El verano es una época complicada para las cabezas. La temperatura sube progresivamente y se cuecen a fuego lento la inseguridad por mostrar el cuerpo, la comparación inevitable de nuestras vacaciones con las de otros y, sobre todo, el imperativo social de ser feliz. Es sin duda la mejor época para enamorarse alegremente de la vida, pero si por cualquier circunstancia, nos sentimos tristes, no habrá lugar donde colocar esa tristeza que tan fácilmente encontraría su sitio entre unos días grises de invierno. Por el contrario, bajo el sol del verano, resulta inconveniente, ridícula, doblemente penosa.
El caso es que si la tristeza no es demasiado hiriente y no oponemos resistencia a ella, es posible que logremos destilarla en melancolía y no hay melancolía más deliciosa que la que puede fabricarse en verano, bajo la luz dura de la tarde, con el zumbido indiferente de los insectos y una puesta de sol flamígera.

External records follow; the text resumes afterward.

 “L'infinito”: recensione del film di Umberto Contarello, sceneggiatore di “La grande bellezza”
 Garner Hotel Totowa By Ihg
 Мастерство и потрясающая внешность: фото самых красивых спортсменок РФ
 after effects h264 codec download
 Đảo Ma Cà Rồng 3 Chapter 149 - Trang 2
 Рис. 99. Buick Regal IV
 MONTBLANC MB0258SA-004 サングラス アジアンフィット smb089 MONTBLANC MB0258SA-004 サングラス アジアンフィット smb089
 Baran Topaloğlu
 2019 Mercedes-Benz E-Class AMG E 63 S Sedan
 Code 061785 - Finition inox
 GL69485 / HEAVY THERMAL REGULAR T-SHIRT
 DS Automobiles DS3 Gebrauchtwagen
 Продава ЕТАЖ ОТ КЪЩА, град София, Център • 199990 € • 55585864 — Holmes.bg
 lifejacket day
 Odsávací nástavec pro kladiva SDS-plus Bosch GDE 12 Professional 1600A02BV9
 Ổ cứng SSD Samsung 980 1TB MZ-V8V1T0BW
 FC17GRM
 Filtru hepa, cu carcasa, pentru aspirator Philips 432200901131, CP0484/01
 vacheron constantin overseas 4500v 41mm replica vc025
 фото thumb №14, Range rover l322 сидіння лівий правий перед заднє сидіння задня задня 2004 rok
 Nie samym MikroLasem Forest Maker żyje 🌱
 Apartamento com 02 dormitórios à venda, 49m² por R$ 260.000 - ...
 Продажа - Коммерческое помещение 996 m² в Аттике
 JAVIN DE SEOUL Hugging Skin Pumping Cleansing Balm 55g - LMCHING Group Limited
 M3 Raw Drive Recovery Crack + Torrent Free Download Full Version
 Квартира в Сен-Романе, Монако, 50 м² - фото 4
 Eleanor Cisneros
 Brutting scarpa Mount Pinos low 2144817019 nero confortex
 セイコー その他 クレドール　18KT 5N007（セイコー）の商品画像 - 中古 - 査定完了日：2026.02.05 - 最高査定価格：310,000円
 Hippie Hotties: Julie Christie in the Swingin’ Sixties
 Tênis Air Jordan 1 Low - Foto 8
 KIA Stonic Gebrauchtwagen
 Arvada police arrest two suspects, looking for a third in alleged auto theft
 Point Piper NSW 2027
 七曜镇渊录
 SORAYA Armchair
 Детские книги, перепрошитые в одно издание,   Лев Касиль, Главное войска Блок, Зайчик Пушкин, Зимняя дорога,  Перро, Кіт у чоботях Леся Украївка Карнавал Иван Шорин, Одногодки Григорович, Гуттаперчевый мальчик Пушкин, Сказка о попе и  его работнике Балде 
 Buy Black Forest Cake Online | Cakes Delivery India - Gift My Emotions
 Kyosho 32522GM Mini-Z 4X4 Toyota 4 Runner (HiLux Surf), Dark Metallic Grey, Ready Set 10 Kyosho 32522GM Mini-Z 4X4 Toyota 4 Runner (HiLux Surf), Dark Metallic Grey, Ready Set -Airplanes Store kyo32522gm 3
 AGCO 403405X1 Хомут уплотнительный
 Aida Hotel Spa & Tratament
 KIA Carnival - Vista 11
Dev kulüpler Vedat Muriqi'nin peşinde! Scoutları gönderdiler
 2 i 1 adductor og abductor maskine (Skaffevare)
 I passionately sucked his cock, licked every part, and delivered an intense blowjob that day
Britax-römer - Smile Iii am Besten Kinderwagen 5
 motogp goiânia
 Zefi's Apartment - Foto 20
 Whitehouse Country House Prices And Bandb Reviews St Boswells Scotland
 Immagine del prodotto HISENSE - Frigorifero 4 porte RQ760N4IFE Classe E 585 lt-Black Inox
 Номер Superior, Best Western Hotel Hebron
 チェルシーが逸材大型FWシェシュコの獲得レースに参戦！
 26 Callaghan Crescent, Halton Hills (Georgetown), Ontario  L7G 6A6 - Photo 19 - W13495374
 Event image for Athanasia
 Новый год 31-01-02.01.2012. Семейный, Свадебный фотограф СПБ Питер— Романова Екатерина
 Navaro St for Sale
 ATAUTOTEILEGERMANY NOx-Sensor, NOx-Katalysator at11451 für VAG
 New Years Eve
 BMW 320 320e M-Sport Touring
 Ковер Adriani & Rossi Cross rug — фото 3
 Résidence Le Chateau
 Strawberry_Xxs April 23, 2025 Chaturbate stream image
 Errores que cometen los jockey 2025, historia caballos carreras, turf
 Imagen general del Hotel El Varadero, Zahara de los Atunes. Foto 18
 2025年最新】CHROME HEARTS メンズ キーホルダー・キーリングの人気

Es curioso que, pasados los años, recuerde a veces con más cariño mis veranos tristes que otros en los que fui feliz. No es que eche de menos el sufrimiento en absoluto, pero siento ternura por mi yo del pasado. Aquella que se dijo «todo esto pasará» y fue capaz de cristalizar ese intenso sentimiento de pena en un ámbar de nostalgia que hoy acaricio con los dedos tramposos de la memoria.
Quizá por eso no estoy sufriendo tanto este verano de trabajo y agobio atrapada en la ciudad. Sé que me recordaré a mí misma con nostalgia en el futuro, igual que hoy recuerdo otros años en los que, a pesar de estar mucho más triste, supe encontrar momentos de belleza entre tanto dolor.
Es un sentimiento complejo más literario que instagrameable, pero bastante común después de todo. Porque los acontecimientos de la vida no siempre se ordenan para obedecer al calendario. Tampoco apetece hablar de ello en el momento, sino solo cuando la distancia nos protege: todo el mundo ha tenido veranos tristes, pero no todos se recuerdan con pena.